(WHAT TO PRODUCE): Every line of the entries with the word "Gris" in it should be shown.

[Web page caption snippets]

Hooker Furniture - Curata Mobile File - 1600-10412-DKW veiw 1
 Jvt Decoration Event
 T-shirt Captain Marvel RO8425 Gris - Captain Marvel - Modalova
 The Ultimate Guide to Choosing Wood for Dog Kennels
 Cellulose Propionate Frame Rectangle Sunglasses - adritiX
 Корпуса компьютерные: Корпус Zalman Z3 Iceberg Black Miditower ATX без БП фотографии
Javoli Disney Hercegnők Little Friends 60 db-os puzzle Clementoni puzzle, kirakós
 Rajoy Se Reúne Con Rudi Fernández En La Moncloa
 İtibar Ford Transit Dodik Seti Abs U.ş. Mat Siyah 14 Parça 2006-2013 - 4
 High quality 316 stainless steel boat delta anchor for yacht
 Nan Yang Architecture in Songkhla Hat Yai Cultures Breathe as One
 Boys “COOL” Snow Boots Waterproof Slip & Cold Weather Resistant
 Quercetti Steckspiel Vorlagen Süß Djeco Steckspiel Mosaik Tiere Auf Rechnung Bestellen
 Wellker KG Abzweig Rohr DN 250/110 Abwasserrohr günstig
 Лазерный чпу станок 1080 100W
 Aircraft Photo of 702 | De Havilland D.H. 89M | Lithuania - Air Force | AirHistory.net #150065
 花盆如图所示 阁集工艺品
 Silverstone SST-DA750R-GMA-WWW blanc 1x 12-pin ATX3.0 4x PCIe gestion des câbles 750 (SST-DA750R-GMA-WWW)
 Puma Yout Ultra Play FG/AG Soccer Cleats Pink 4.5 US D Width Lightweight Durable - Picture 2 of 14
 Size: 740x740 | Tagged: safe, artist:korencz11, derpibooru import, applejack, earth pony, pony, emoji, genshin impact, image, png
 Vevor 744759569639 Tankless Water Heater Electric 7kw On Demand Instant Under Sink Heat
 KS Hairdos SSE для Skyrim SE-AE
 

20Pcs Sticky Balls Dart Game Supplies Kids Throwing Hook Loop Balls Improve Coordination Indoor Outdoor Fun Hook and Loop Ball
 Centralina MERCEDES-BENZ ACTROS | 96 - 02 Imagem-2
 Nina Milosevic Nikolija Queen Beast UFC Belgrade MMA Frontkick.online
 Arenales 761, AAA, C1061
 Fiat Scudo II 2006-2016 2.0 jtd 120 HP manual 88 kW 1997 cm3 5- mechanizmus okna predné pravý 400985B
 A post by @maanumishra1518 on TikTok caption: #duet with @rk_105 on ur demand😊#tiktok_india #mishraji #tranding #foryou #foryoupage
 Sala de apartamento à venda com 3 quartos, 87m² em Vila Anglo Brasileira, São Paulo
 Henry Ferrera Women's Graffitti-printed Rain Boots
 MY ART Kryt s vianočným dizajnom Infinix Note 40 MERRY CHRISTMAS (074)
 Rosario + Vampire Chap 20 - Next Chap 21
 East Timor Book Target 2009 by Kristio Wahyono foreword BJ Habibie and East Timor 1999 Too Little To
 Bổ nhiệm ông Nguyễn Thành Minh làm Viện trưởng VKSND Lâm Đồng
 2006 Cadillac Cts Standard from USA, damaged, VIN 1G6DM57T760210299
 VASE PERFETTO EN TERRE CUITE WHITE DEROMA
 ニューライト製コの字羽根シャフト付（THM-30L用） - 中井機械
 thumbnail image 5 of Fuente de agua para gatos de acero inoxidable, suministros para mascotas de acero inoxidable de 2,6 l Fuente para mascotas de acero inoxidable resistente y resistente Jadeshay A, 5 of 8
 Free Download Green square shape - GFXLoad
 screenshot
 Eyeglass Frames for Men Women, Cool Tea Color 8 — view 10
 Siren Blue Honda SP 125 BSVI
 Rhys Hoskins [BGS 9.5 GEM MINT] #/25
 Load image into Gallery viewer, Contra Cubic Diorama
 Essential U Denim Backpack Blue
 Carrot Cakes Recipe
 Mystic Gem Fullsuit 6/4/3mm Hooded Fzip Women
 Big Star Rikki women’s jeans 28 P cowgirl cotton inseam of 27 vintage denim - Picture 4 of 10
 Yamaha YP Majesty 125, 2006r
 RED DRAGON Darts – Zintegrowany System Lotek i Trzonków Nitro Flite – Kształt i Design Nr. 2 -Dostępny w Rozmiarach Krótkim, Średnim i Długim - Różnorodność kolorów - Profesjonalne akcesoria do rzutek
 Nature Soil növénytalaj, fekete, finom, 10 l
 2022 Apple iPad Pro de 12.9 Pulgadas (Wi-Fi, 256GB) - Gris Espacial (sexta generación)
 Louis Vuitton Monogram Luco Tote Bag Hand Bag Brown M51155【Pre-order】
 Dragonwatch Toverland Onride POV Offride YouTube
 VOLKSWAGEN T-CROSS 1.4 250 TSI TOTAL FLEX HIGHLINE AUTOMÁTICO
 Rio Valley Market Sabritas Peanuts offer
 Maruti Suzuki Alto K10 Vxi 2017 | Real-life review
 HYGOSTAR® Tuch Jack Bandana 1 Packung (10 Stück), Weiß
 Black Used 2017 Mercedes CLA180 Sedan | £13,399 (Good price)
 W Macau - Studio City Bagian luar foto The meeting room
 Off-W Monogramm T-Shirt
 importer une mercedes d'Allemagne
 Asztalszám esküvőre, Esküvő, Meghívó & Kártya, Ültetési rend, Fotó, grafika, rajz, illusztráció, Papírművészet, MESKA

(EXERCISE RESULT):
 T-shirt Captain Marvel RO8425 Gris - Captain Marvel - Modalova
 2022 Apple iPad Pro de 12.9 Pulgadas (Wi-Fi, 256GB) - Gris Espacial (sexta generación)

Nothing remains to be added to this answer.